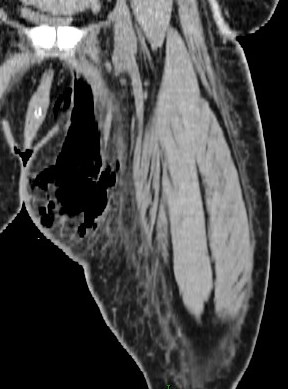 Figure 4 for case Necrotizing fasciitis ( RID3447 )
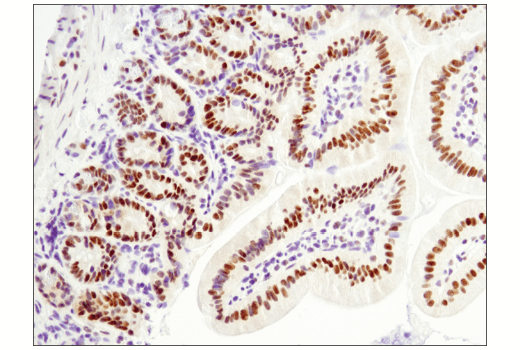 Immunohistochemistry Image 4: LRF/Pokemon (D7U2O) Rabbit Monoclonal Antibody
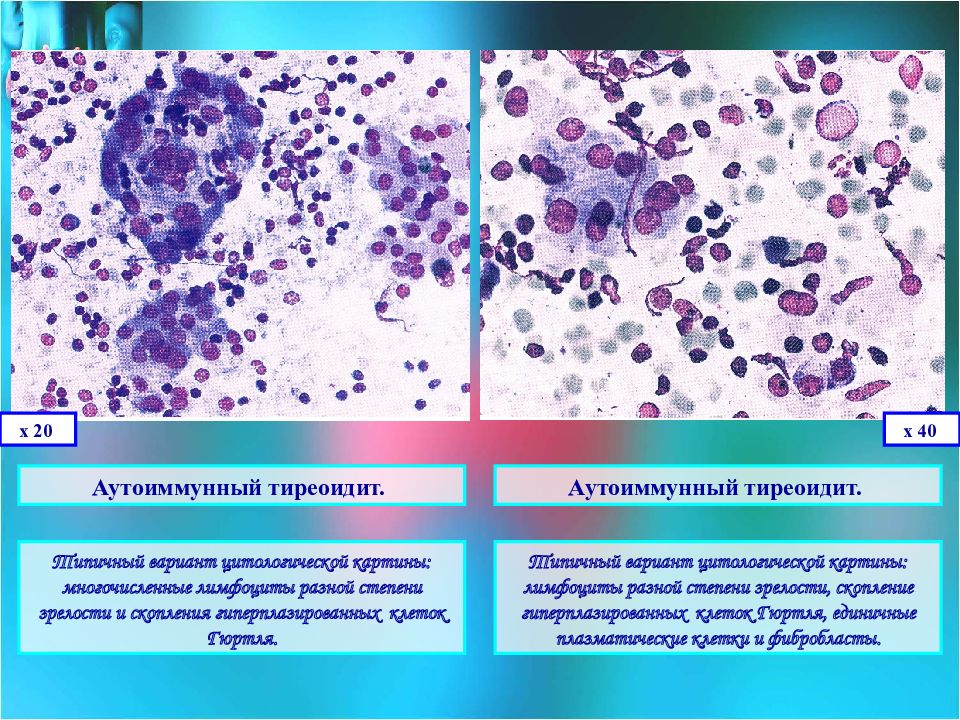 Диагностика заболеваний щитовидной железы презентация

- Work instruction:
Restate the entire listing word for word, excluding pictures.

- Exercise solution:
 Figure 4 for case Necrotizing fasciitis ( RID3447 )
 Immunohistochemistry Image 4: LRF/Pokemon (D7U2O) Rabbit Monoclonal Antibody
 Диагностика заболеваний щитовидной железы презентация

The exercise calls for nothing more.